■ Directions
Print the whole listing again exactly as it stands, leaving out any images.

■ Provided data
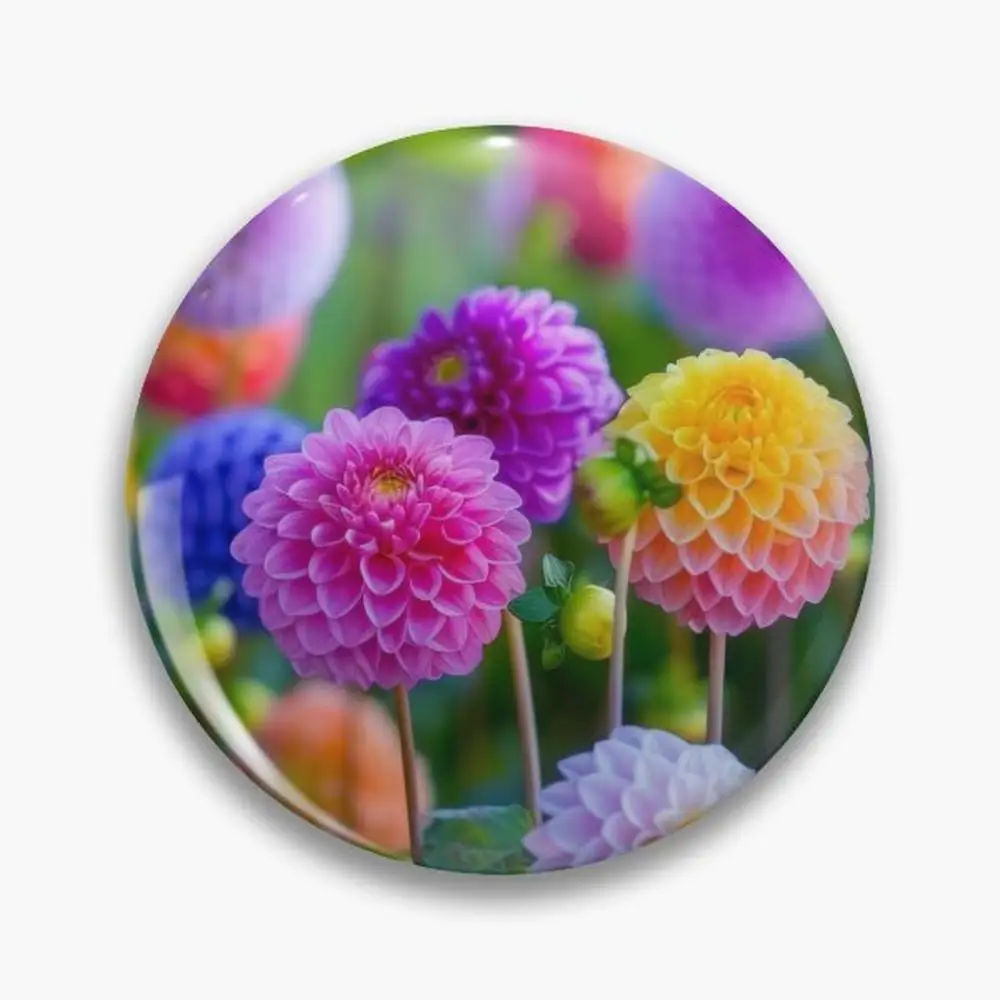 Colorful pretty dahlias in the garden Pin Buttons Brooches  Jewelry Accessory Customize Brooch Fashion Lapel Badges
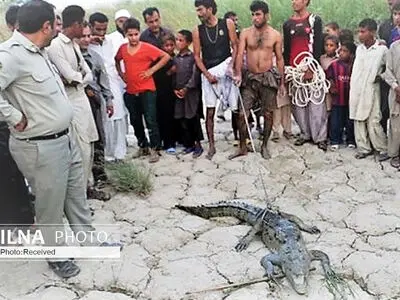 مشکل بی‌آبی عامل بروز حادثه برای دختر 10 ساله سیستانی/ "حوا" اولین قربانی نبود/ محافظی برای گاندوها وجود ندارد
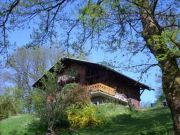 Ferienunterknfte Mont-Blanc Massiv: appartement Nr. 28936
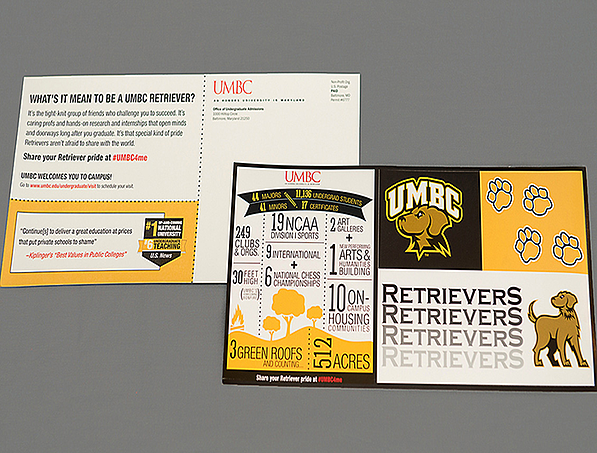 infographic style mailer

■ Answer to the exercise
 Colorful pretty dahlias in the garden Pin Buttons Brooches  Jewelry Accessory Customize Brooch Fashion Lapel Badges
 مشکل بی‌آبی عامل بروز حادثه برای دختر 10 ساله سیستانی/ "حوا" اولین قربانی نبود/ محافظی برای گاندوها وجود ندارد
 Ferienunterknfte Mont-Blanc Massiv: appartement Nr. 28936
 infographic style mailer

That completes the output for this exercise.